"The only baggage you can bring is all that you can't leave behind" -U2
It's marathon weekend here in and around NYC. It's all over the news, and friends and family and famous faces are running. I did it last year, for my first 26.2, and it will forever remain etched in my consciousness and my heart as one of those days that somehow defines me. Admittedly, I am a little jealous, but I'm also glad I have not been on a training schedule these last few weeks.
It's supposed to be cold tomorrow morning and I also don't envy those waiting on Staten Island for the start. However, I know they will be layered up in all of their "throwaway clothes" that will be shed as soon as they get moving and their bodies heat up.
I often choose my own throwaway clothes as symbolic, metaphors for things I am ready to discard along my journey...issues that have clung to me from phases in my life or relationships, like heavy, wet laundry.

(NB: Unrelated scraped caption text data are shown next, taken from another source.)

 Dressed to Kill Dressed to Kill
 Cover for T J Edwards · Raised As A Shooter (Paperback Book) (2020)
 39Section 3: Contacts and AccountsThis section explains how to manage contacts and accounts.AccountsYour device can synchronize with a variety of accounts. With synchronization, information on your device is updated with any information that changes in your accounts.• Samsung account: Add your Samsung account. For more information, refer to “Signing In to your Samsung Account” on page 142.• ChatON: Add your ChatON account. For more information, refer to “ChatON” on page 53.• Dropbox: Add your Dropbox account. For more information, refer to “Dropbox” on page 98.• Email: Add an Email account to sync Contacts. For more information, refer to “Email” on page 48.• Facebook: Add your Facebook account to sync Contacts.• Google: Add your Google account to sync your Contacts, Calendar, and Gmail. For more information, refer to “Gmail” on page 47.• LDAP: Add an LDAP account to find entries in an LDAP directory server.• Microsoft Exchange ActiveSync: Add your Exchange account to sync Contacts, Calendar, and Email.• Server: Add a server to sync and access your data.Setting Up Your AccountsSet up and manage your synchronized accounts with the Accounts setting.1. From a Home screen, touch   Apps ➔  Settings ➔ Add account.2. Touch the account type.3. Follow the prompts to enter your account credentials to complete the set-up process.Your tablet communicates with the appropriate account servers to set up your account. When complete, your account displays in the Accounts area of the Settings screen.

I remember a particularly satisfying toss of my final layer on the Verrazano Bridge last year, high above The Narrows.
Last night, I went out with a few good girl friends. It was Jen's birthday and we talked about aging. Most of the women are into their 50s, one is in her 40s and then there is me, about to cross that bridge. I made the statement that my impending birthday has changed the way I am thinking and making decisions. Simply put, there are things I refuse to take into my next year, things I simply refuse to carry with me any longer, layers I am removing and discarding along the curb, still being careful to toss them far enough so no one else trips up on them and stumbles.